A recent column highlighted a $1 million Virginia Department of Transportation project to upgrade 11 intersections with handicapped-accessible ramps, crosswalks and pedestrian-crossing equipment in Spotsylvania County.
The bulk of the intersections are along State Route 208, with others on Harrison Road and a pair of U.S. 1 intersections in the Massaponax area.
Something was missing, however, in both the column and around the intersections. The omission did not go unnoticed by a reader and a Spotsylvania supervisor in whose district much of the work is being done.
County resident John Harvin was thankful for the article, but added in an email that, “You must have not actually seen the work. VDOT in their usual haste failed to actually [verify] the drawing against some of the intersections. This is specifically on Harrison Road. The plans called for and followed by the contractor did not take into account the lack of sidewalks at most of these intersections.”
At the Jan. 28 Board of Supervisors meeting, Supervisor Chris Yakabouski said he “appreciated the idea” but added that the “execution was kind of lacking” on what he called “safety signals to nowhere.”
He said VDOT should add the safety crossings to other areas he believes need them more—along U.S. 1 in the Four Mile Fork area and on Lafayette Boulevard, for instance.
Local VDOT spokeswoman Kelly Hannon acknowledged that drivers probably have been wondering why the crosswalk infrastructure is being added when there are no sidewalks.
She pointed out that VDOT chose the intersections as part of its Pedestrian Action plan, “which was published in 2018 in response to a rising statewide trend of pedestrian crashes, injuries and fatalities. Pedestrian fatalities in Virginia increased 19 percent from 2012 to 2016, and nationally pedestrian fatalities increased by 24 percent over the same time period.”
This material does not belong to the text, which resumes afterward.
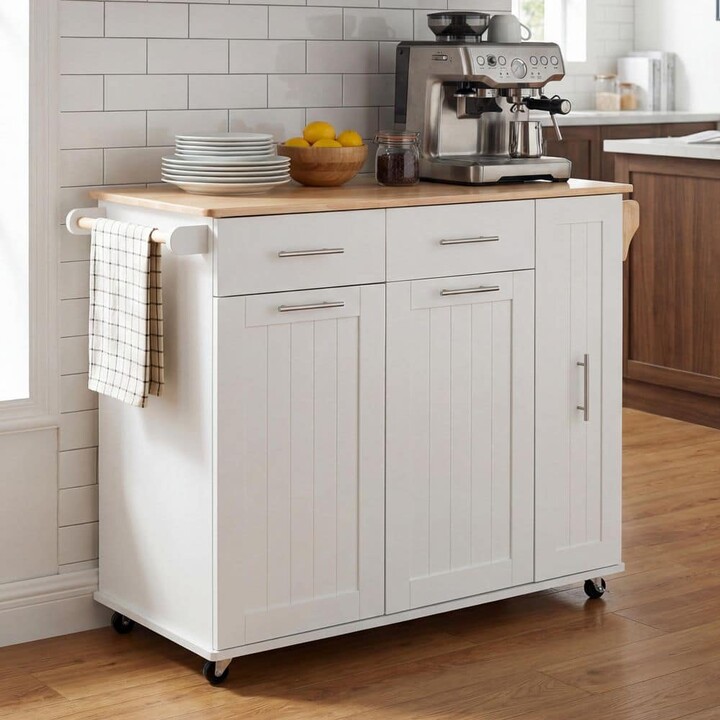 Ximuprmy White Wood 46 in. Kitchen Island with 3 Tier Pull Out Cabinet Organizer, Storage Rack and 2-Drawers for Kitchen Room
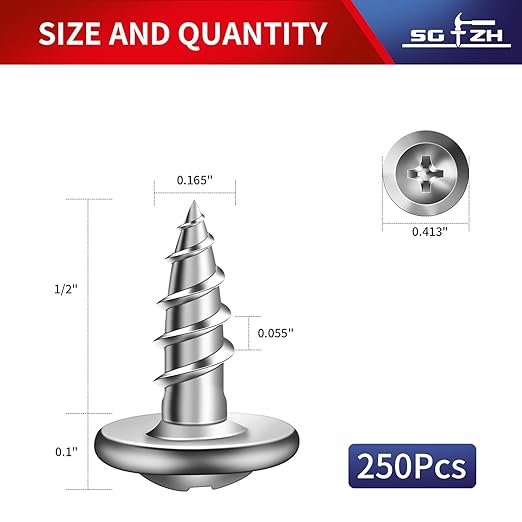 #8 x 1/2" Wood Screw 250Pcs 410 Stainless Steel Standard Thread Truss Head Fast Self Tapping by SG TZH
She added that regardless of the lack of sidewalks, people still cross the roads at the intersections.
Hannon also said there are numerous options to add sidewalks in the future.
The Board of Supervisors, for one, can use state funds appropriated to localities for secondary road work. Another option for the county is the state’s Smart Scale program, which scores and ranks projects for funding.
“Also,” she added, “there are federal programs that fund sidewalks in qualifying cases, such as the HSIP (Highway Safety Improvement Program), or Safe Routes to Schools. Additionally, any new development in these areas can fund and install new sidewalk segments.”
As for the “safety signals to nowhere” jab, Yakabouski might want to take note of the once infamous “bridge to nowhere.”
That span is now part of what is known as the Blue and Gray Parkway, which was completed in 1995. The nickname came about because the bridge was built many years before the roads around it in a project that took 27 years to complete.
The Blue and Gray Parkway project was marred by controversy, but today the bypass is used by more than 40,000 drivers on average each day, and they are certainly using that bridge to get somewhere.